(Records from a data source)
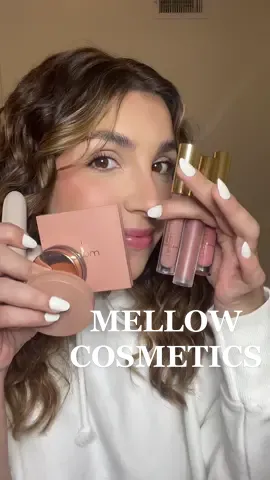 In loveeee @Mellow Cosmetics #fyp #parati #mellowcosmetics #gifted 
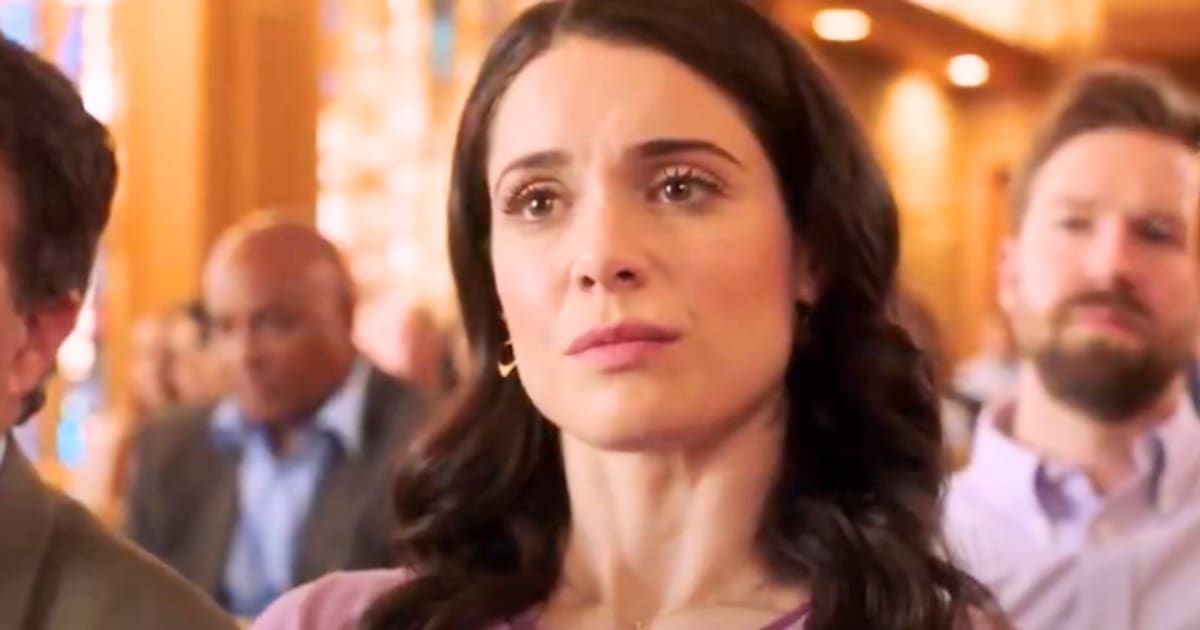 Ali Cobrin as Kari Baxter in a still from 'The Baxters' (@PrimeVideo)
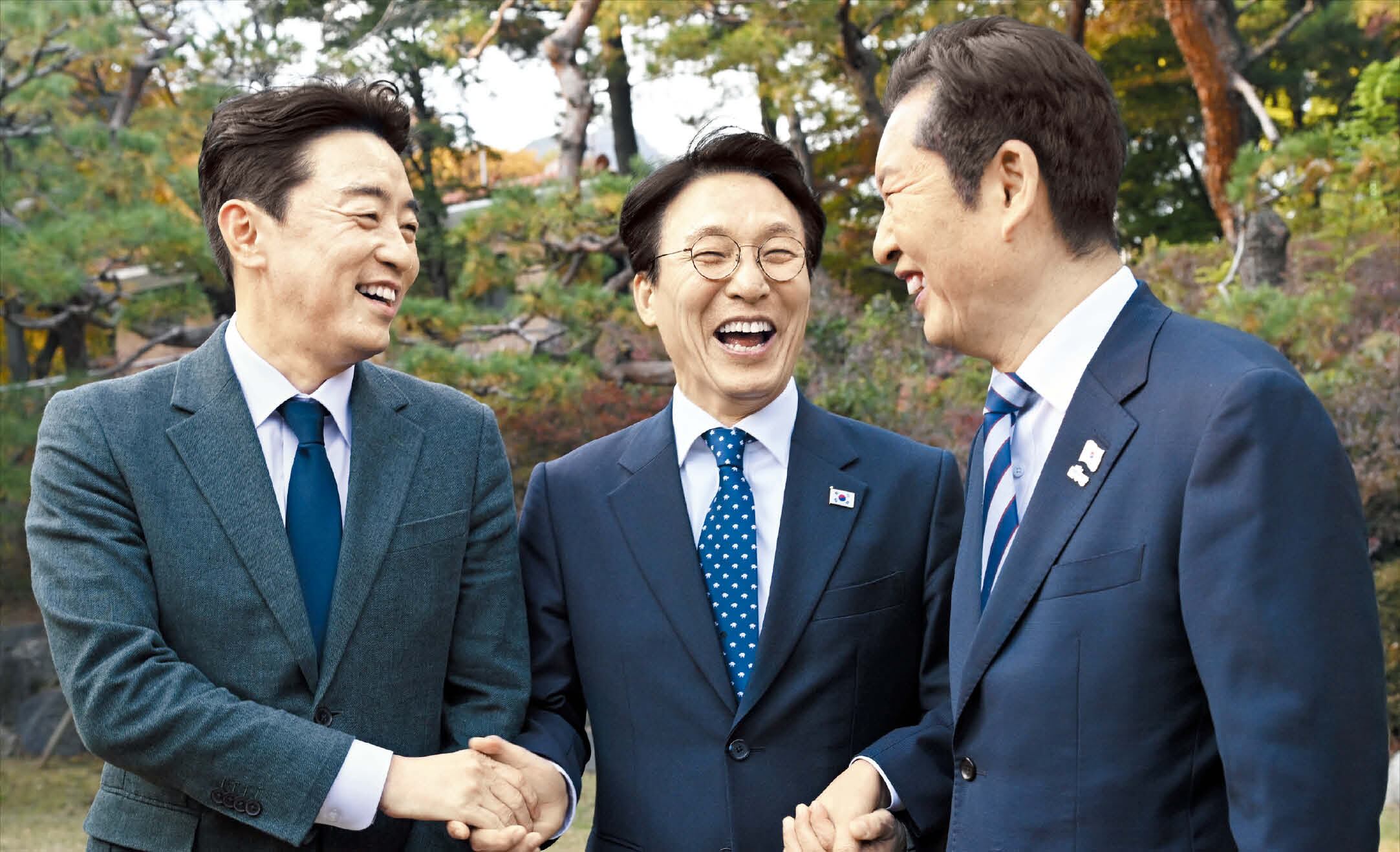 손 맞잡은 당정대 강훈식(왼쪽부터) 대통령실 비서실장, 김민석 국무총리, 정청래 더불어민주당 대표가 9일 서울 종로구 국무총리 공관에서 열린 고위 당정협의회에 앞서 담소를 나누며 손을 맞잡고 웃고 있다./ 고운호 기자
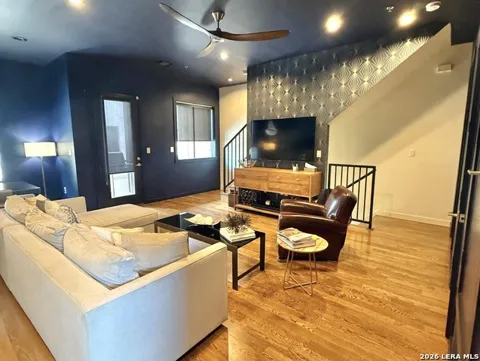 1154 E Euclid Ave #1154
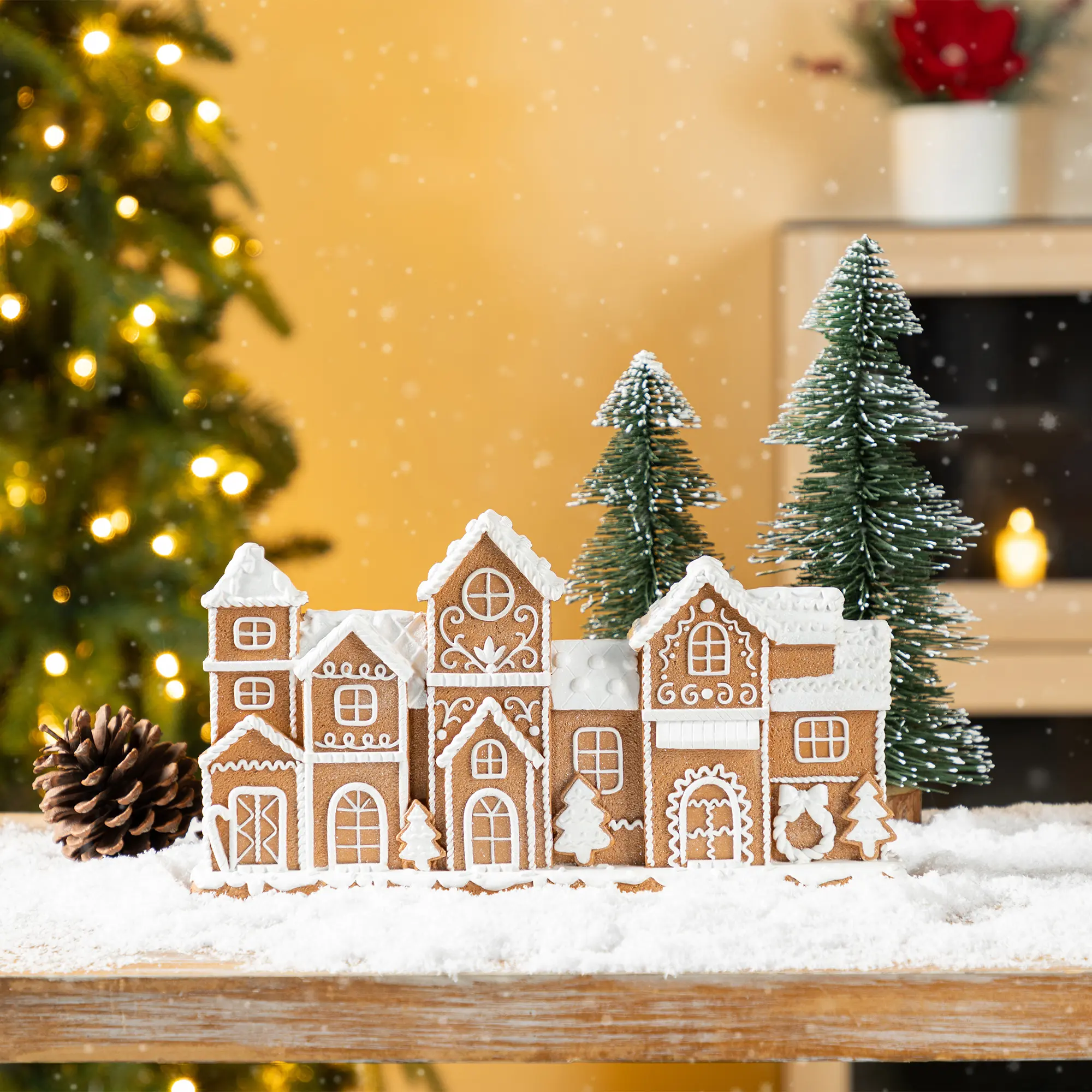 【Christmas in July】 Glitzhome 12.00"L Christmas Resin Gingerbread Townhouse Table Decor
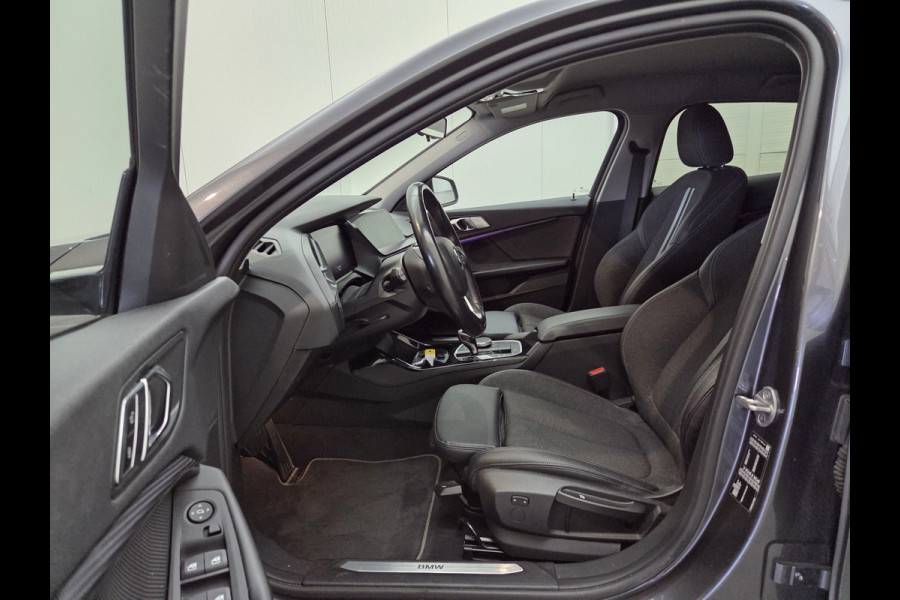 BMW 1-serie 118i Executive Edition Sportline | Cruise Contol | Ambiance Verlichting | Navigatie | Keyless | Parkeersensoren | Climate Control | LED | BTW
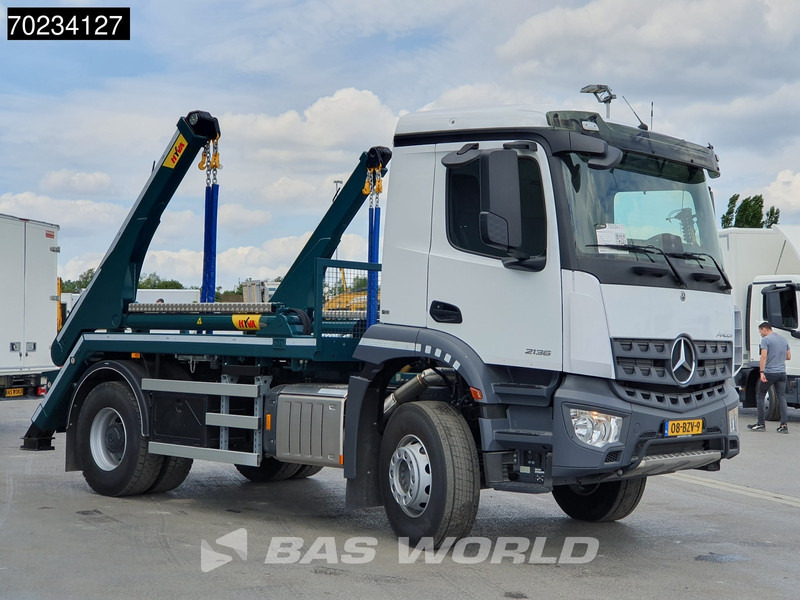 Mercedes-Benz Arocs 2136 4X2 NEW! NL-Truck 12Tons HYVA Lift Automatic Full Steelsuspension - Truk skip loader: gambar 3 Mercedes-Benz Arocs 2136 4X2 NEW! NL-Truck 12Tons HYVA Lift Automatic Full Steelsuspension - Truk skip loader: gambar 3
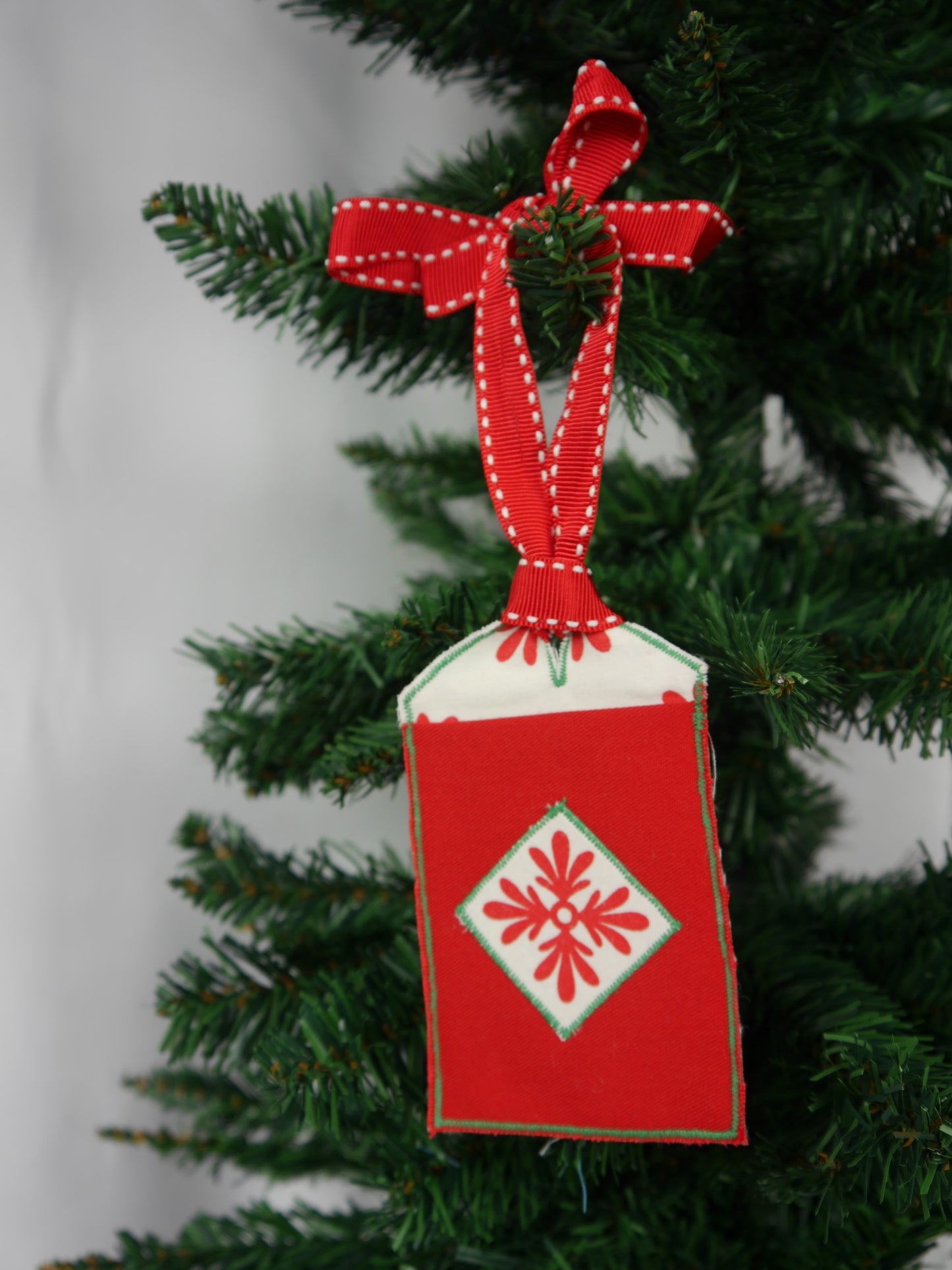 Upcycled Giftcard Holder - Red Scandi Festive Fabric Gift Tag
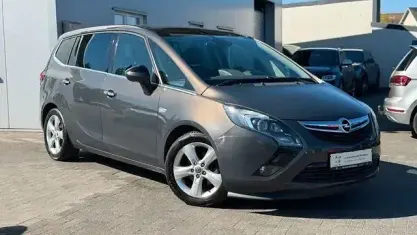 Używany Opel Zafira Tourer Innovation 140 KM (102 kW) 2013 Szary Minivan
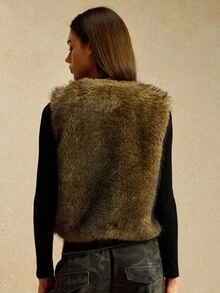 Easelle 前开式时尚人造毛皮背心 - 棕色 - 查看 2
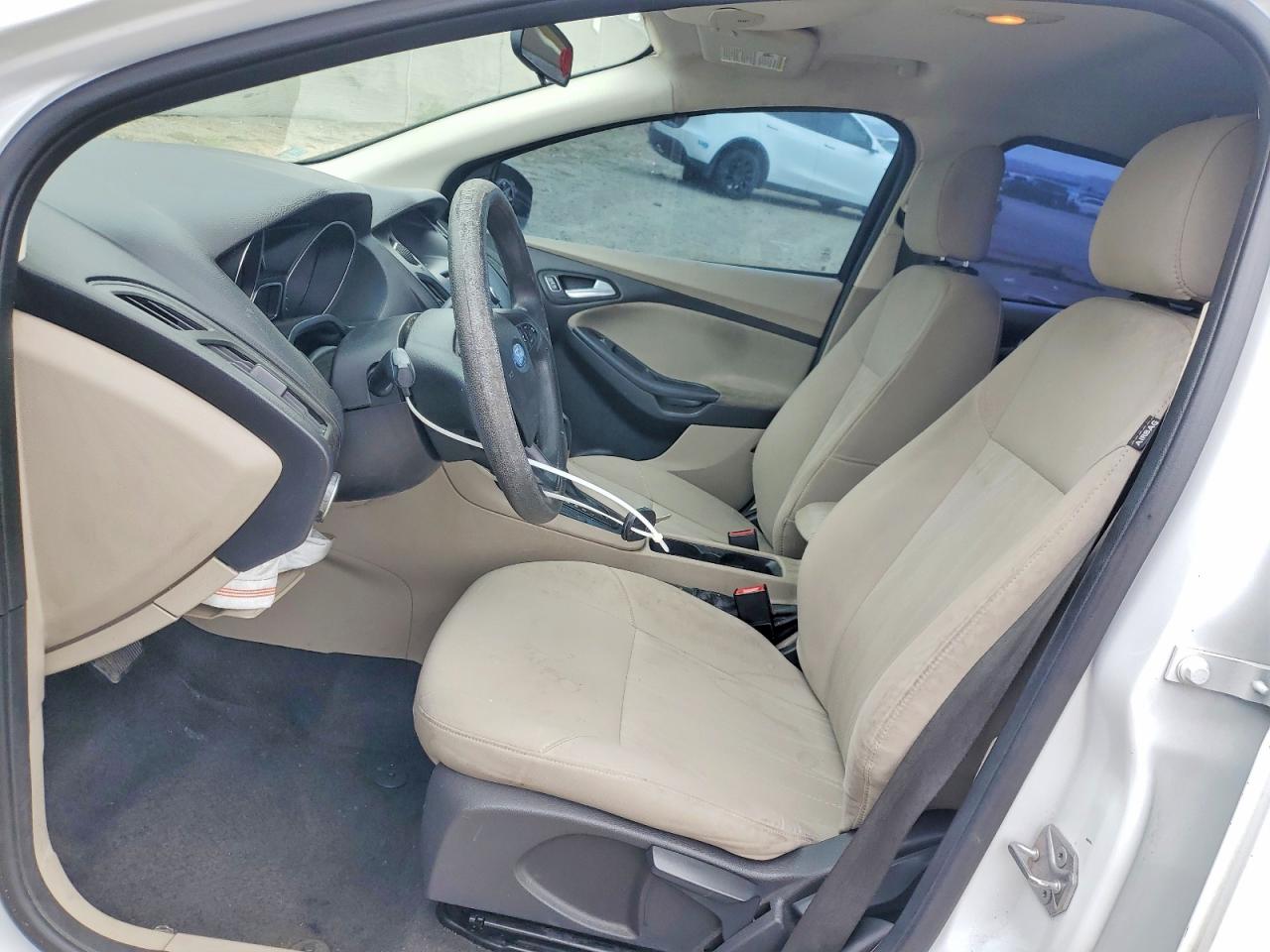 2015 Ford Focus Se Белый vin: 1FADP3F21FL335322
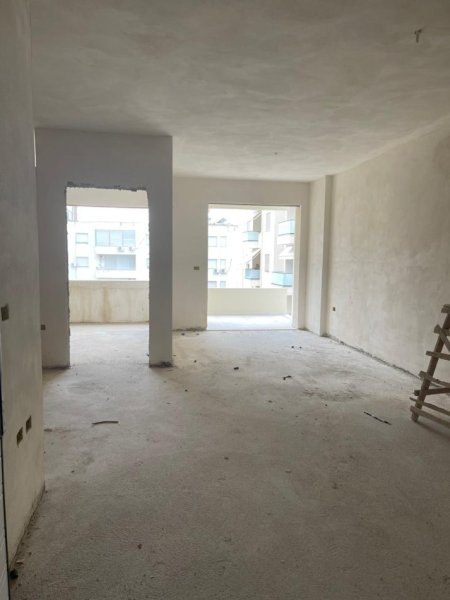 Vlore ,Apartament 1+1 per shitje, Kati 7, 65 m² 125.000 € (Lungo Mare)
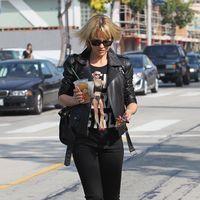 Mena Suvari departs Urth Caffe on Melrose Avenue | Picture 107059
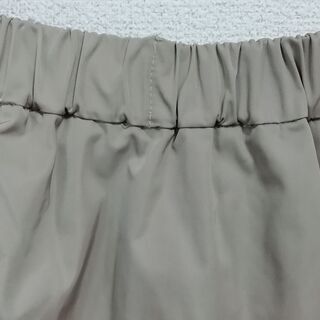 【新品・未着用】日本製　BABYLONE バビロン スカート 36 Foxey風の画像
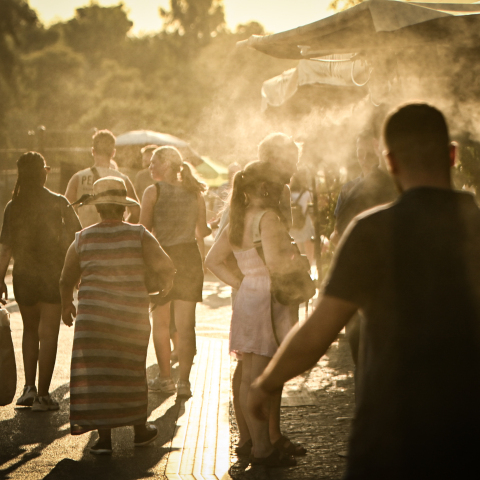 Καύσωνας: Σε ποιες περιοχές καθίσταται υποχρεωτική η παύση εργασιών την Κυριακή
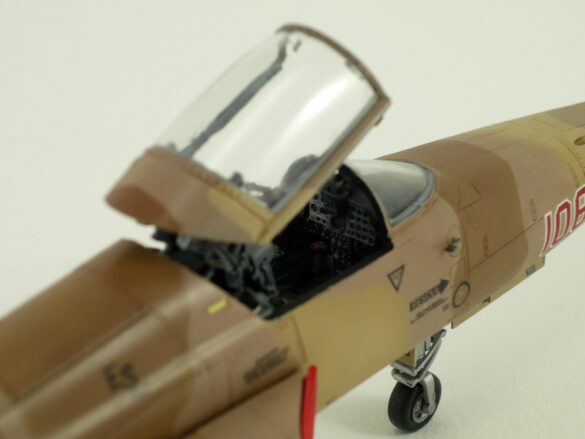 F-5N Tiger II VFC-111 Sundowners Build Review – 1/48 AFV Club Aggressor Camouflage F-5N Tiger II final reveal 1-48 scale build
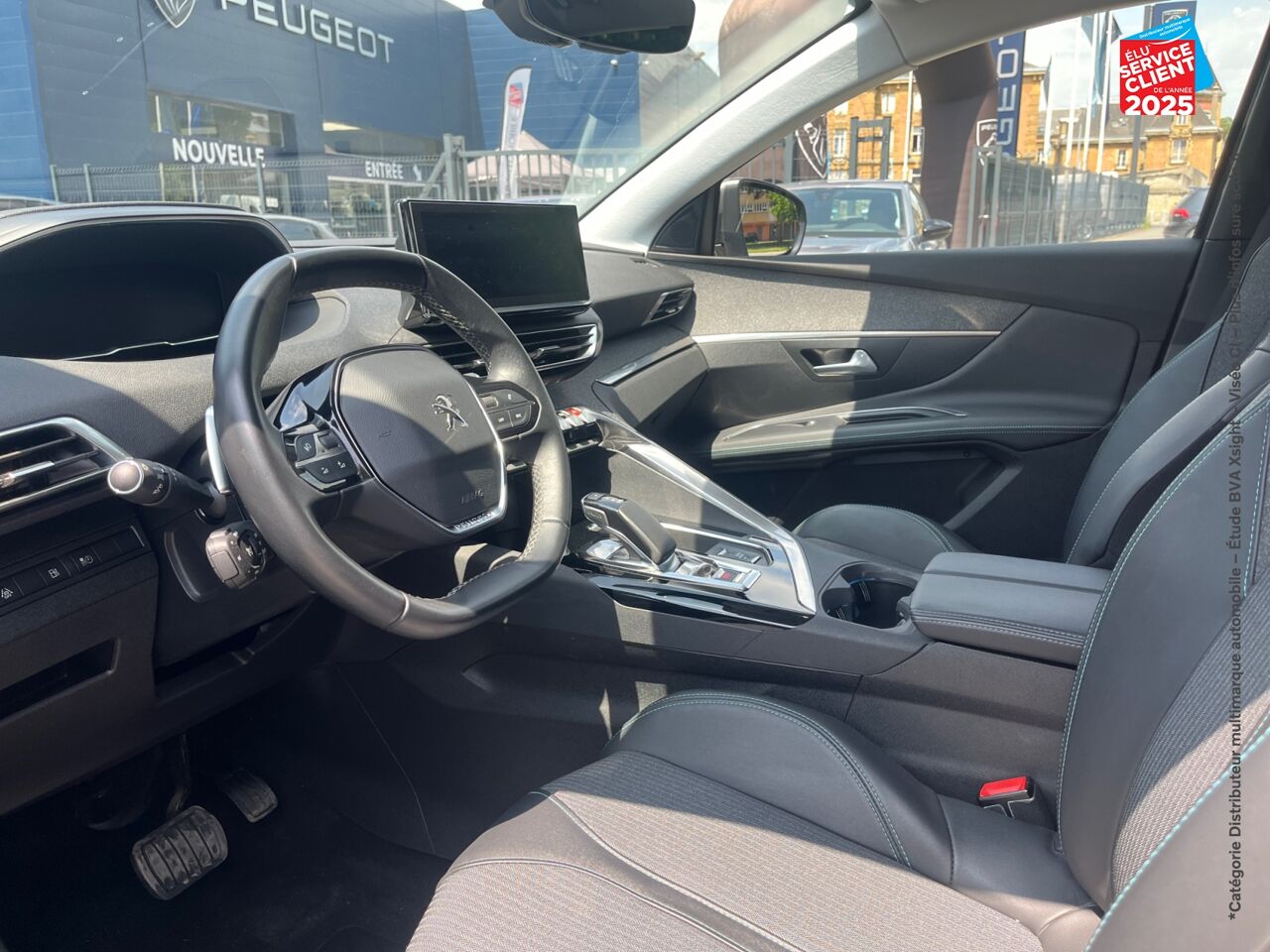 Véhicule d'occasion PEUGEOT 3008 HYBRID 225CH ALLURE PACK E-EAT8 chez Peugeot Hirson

> Assignment
Write out again exactly the lines above from the one with "2015 Ford Focus" through the one with "F-5N Tiger II VFC-111", adding no other lines and no pictures.

> Completed exercise
 2015 Ford Focus Se Белый vin: 1FADP3F21FL335322
 Vlore ,Apartament 1+1 per shitje, Kati 7, 65 m² 125.000 € (Lungo Mare)
 Mena Suvari departs Urth Caffe on Melrose Avenue | Picture 107059
 【新品・未着用】日本製　BABYLONE バビロン スカート 36 Foxey風の画像
 Καύσωνας: Σε ποιες περιοχές καθίσταται υποχρεωτική η παύση εργασιών την Κυριακή
 F-5N Tiger II VFC-111 Sundowners Build Review – 1/48 AFV Club Aggressor Camouflage F-5N Tiger II final reveal 1-48 scale build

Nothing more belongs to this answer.